### PROBLEM TO WORK ON
Reproduce exactly the lines from the one containing "طلَّاب الأزهر يحصدون" through the last line of the records below, both included. Leave out any pictures.

(Web page caption snippets)
┄┄┄┄┄┄┄┄┄┄┄┄┄┄┄┄┄┄┄┄

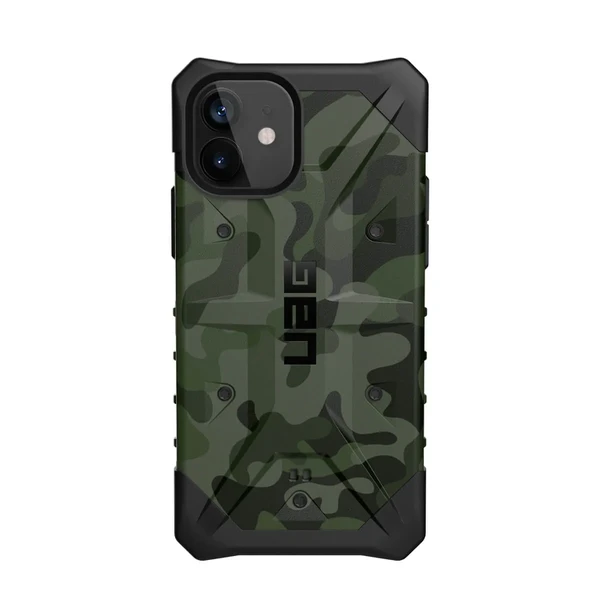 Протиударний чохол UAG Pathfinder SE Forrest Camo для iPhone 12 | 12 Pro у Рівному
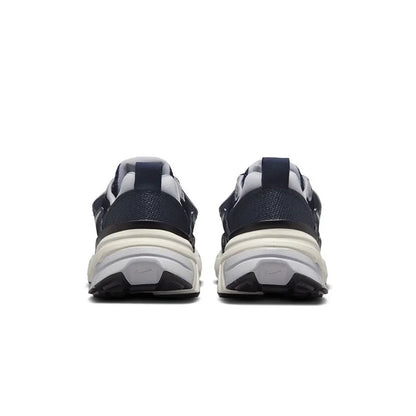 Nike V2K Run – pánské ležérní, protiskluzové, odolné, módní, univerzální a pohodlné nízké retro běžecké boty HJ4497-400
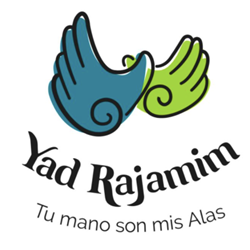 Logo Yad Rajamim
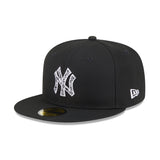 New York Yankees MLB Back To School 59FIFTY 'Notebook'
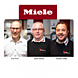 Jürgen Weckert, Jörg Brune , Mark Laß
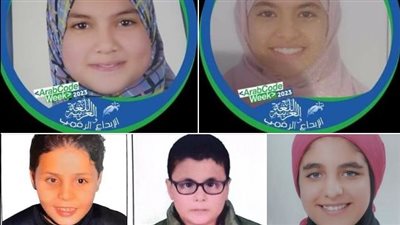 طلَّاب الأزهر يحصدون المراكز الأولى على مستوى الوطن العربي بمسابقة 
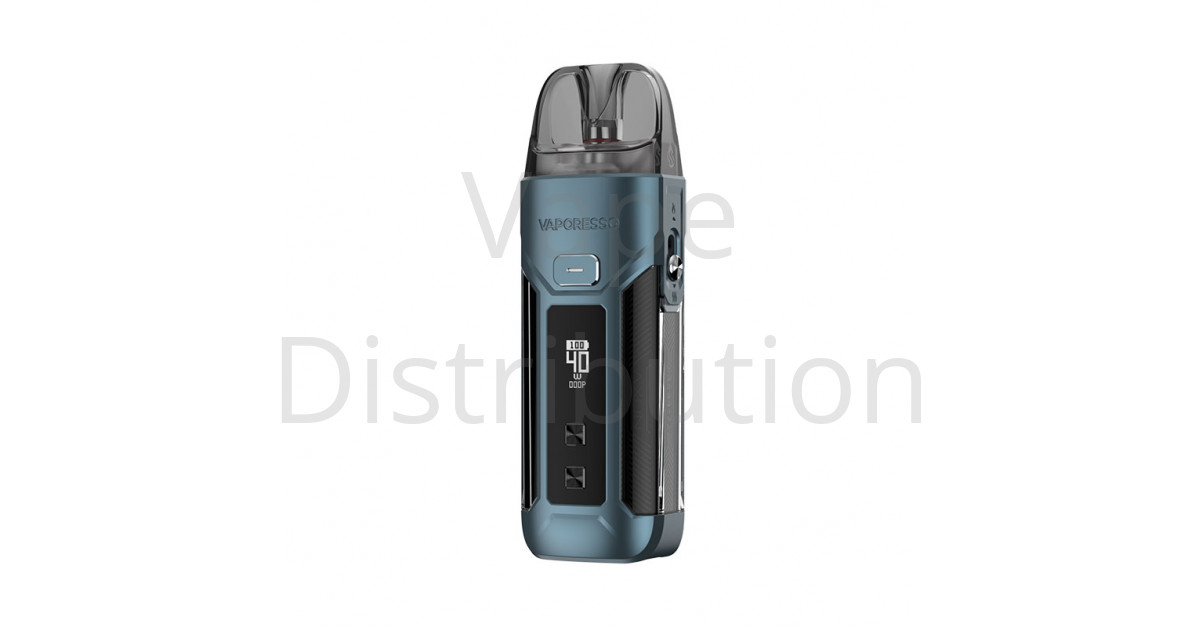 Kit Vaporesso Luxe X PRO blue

┄┄┄┄┄┄┄┄┄┄┄┄┄┄┄┄┄┄┄┄

### RESULT FOR THIS TASK
 طلَّاب الأزهر يحصدون المراكز الأولى على مستوى الوطن العربي بمسابقة 
 Kit Vaporesso Luxe X PRO blue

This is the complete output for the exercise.